Studies in which plain radiographs were compared with arthroscopy support the need for more sensitive grading, because the plain radiographs significantly underestimated the extent of degenerative changes, especially regarding cartilage abnormalities in osteoarthritic joints [11]
[12]. Even patients with no radiographic findings of OA had significant articular cartilage degeneration within the femorotibial joint in arthroscopy [13]. Femorotibial joint space narrowing reflects cartilage loss in knee OA [12]
[14]
[15]
[16] and is more sensitive and therefore more accurately assesses progression of OA than osteophyte formation [8]
[17]
[18]
[19]
[20]. Thus, it would make sense to have a closer look at joint space measurements and the OARSI for joint space narrowing to see if these could be better used as predictive factors for outcome after steroid injections. This is particularly relevant as the OARSI for joint space narrowing alone would be a very easy tool to use in daily practice.

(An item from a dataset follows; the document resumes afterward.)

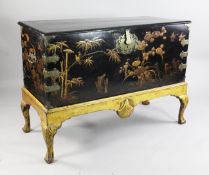 A George I black japanned and gilt coffer on stand, decorated with flowers, birds and figures with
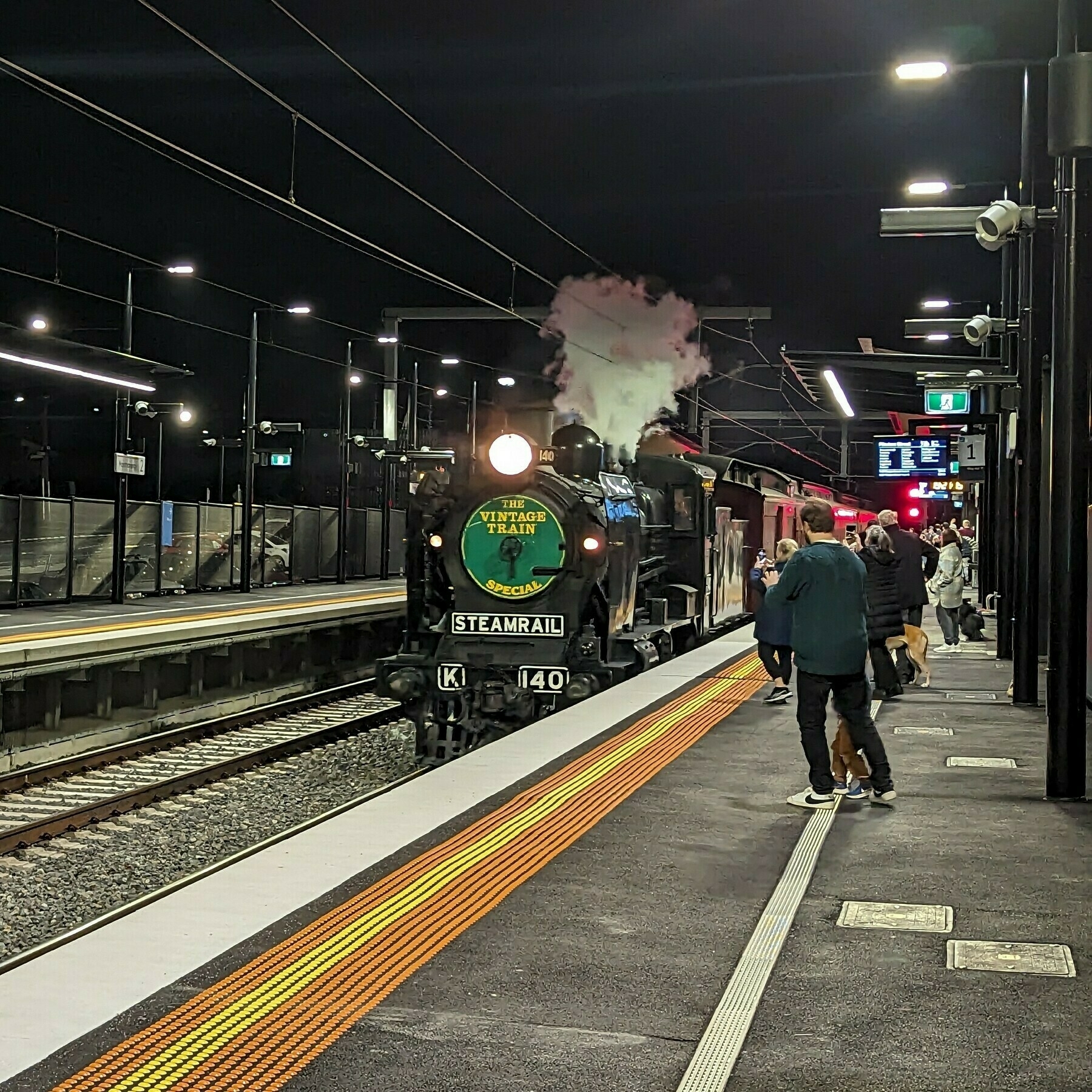 Steam train travelling through station in the evening.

Therefore, the objectives of this study are: 1) To compare outcome after intra-articular corticosteroid injections into the knee with the KL 5 and 3 grading systems for knee osteoarthritis, the OARSI grading system for joint space narrowing and actual joint space measurements; 2) to compare the reliability of these different grading systems by assessing the inter-rater reliability.
Materials and methods
Patients
This is a retrospective evaluation of knee radiographs from patients in a prospective outcomes cohort study. Data of 117 consecutive patients who received an imaging-guided therapeutic (corticosteroid plus anesthetic) intra-articular knee injection in the period of 4/14/2009 to 2/10/2014 at the radiology department of this specialized orthopedic university hospital, with weight-bearing anterior-posterior (AP) and recumbent lateral radiographs taken within 6 months of the injections and who returned an outcomes questionnaire by mail were included in this study. Hospital and cantonal ethics approval (EK-12/2009) was obtained prior to the start of this study and all patients gave their informed consent. After the injection, the patients were given an outcomes questionnaire and were asked to complete it at one day, one week, and one month after the injection. The follow-up outcomes questionnaire was given to the patients by the radiological technologist with a stamped and addressed envelope with instructions to return the completed questionnaire one month after the injection.
Knee injection procedure
The injections were all performed by radiologists from a specialized orthopedic university hospital. Under sterile conditions (3 × disinfection, sterile gloves, mask, cover) and with fluoroscopic control, the involved knee was punctured with a 22-gauge needle. Arthrography was performed with 2 ml lopamiro 300 (lopamidol). Infiltration of 1 ml Triamcort (Triamcinolone 40 mg/ml) and 5 ml Rapidocaine 2 % (Lidocaine 20 mg/ml) was then performed. Intra-articular distribution of the injected contrast material and, therefore, correct needle placement were documented with a radiograph ([Fig. 1]).
Fig. 1 Knee radiograph showing correct needle position and contrast distribution.
Abb. 1 Knieröntgenbild mit Kontrastmittelverteilung indiziert korrekte Nadelpositionnierung.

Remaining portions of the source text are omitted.